Alencar premia Leopoldo por amar a alma, o todo da mulher, ama sem interesse material, que busca o belo não só da forma, mas também do interior. É com Leopoldo, o príncipe do povo, que Amélia casa-se com pouco tempo de namoro dado no jardim de sua casa. Ali, num espaço que resume a natureza que, mesmo recriada e cultivada, é divina, em tardes agradáveis, por “entre cortinas deflores”, “celebravam esse místico himeneu do amor, único eterno e indissolúvel, porque se faz no seio do Criador”. As “duas almas, por tanto tempo separadas”, uniam-se ou, antes, como prefere o narrador, entranham-se uma na outra. Numa cerimônia privada, tendo apenas dois amigos como testemunhas, “inteiramente à capucha, e sem prévia participação”, para evitar as maledicências da sociedade, celebra-se a cerimônia. Expressando ainda mais a interiorização que representa esse comportamento, Horácio, que observava, incógnito e surpreso, de um observatório do jardim, a cerimônia e o entrar dos noivos no toucador, teve sua visão ofuscada pela janela que se fechou com violência em razão de um temporal que desabou no momento. Numa atitude de recusa ao conturbado mundo social, e de acordo com o código antigo do imaginário amoroso, o segredo cerca a relação amorosa no interior da vida familiar e no espaço da intimidade, afastando-o dos olhos inimigos e garantindo sua eterna indissolubilidade. Leopoldo é aquele que, diante de um comportamento amoroso fetichista, fugaz, oferece uma outra possibilidade de vivenciar o amor, assim como de outra noção de belo, sendo também modelo de masculinidade, que se contrapõe àquele em ascensão no mundo burguês.
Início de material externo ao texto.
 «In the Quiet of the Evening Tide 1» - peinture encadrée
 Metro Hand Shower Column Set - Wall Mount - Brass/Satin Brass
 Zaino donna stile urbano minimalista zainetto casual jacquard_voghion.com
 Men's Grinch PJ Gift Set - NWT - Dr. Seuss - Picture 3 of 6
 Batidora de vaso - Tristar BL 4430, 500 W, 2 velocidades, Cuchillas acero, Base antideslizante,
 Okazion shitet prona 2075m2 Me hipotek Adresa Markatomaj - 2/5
LEOPOLDO:  Tecendo considerações sobre esse rapaz, que representa o homem romântico, o narrador apresenta algumas apreciações iniciais que buscam revelá-lo, como seus trajes e moradia modestos, aparência descuidada, maneiras bruscas e sua existência solitária. Como sua irmã e única parente havia morrido, Leopoldo vive o isolamento com a desintegração de suas relações parentais, busca, num envolvimento amoroso, reconstruir seus laços afetivos. Ele expressa uma concepção sacralizadora do amor e da mulher amada,dá ênfase ao olhar, ao sonho e à contemplação, recorre a sua memória buscando representar em sua lembrança a imagem da moça, associa amor e mel, assim como a decepção que este traz à amargura do fel.
A valorização da beleza e da mulher adquire um sentido religioso e espiritualizado, como também da experiência interior do ser amado. Nessa concepção de mundo e amor,  tudo é envolto por certo ar de magia e religiosidade que oferece legitimidade aos acontecimentos. Aqui as palavras, como forma de entendimento, possuem, em muitos momentos, pouco valor e quase nenhum alcance, enquanto os  olhares traduzem, com toda força e intensidade, o conhecimento pela contemplação distante, pelo brilho que irradia e poder que possui.
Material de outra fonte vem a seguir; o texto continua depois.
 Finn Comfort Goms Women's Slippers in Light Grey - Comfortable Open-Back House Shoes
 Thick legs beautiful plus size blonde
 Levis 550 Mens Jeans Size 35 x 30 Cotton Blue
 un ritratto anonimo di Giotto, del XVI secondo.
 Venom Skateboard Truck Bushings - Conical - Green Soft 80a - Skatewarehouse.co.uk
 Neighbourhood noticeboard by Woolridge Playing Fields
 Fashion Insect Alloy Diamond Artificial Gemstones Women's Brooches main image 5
Assim, expõem-se aspectos importantes da concepção de amor romântica, como seu traço sagrado, a atração e união de almas, a existência do momento certo para ocorrer e originar do primeiro olhar, tal como as questões da beleza, do horrível, da imortalidade, da verdade, da pureza e da imaterialidade que a perpassam.
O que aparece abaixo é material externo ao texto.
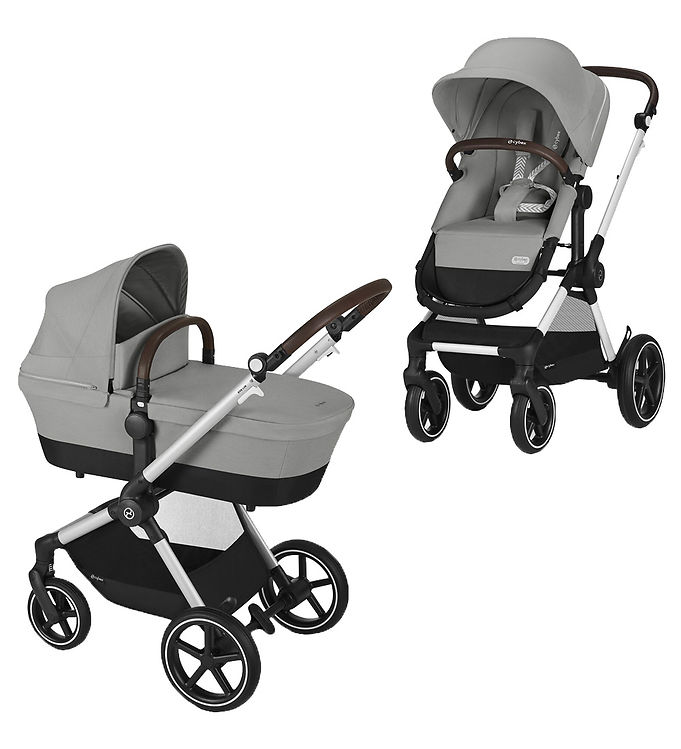 Cybex Klapvogn/Barnevogn - Eos Lux - 2-i-1 - Stone Grey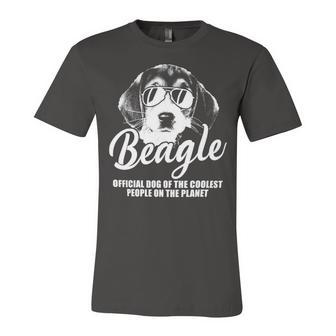 Official Dog Of The Coolest People 137 Beagle Dog Unisex Jersey Short Sleeve Crewneck Tshirt - Seseable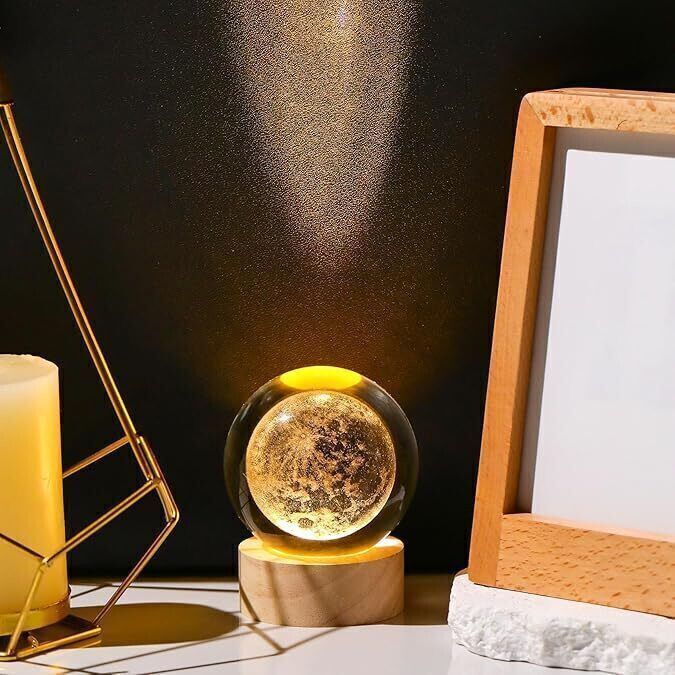 ablue clipper Crystal Ball Night s LED Educational Desk Decor Moon Home and Garden_L1180 Night Lamp-picture-20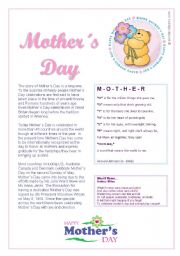 English Worksheet: Mothers Day 1:5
Portanto, parece indevido considerar esse romance como simples brincadeira de Alencar. Nele, além de fazer sua leitura sobre a questão do fetichismo sexual e que envolve a mercadoria, expõe concepções divergentes, que se confrontam, de homem e de mulher, de amor, de beleza, advindas de formas de ver o mundo diferentes que estavam  presentes na sociedade fluminense de seu tempo e que faziam parte do embate simbólico que aí se travava.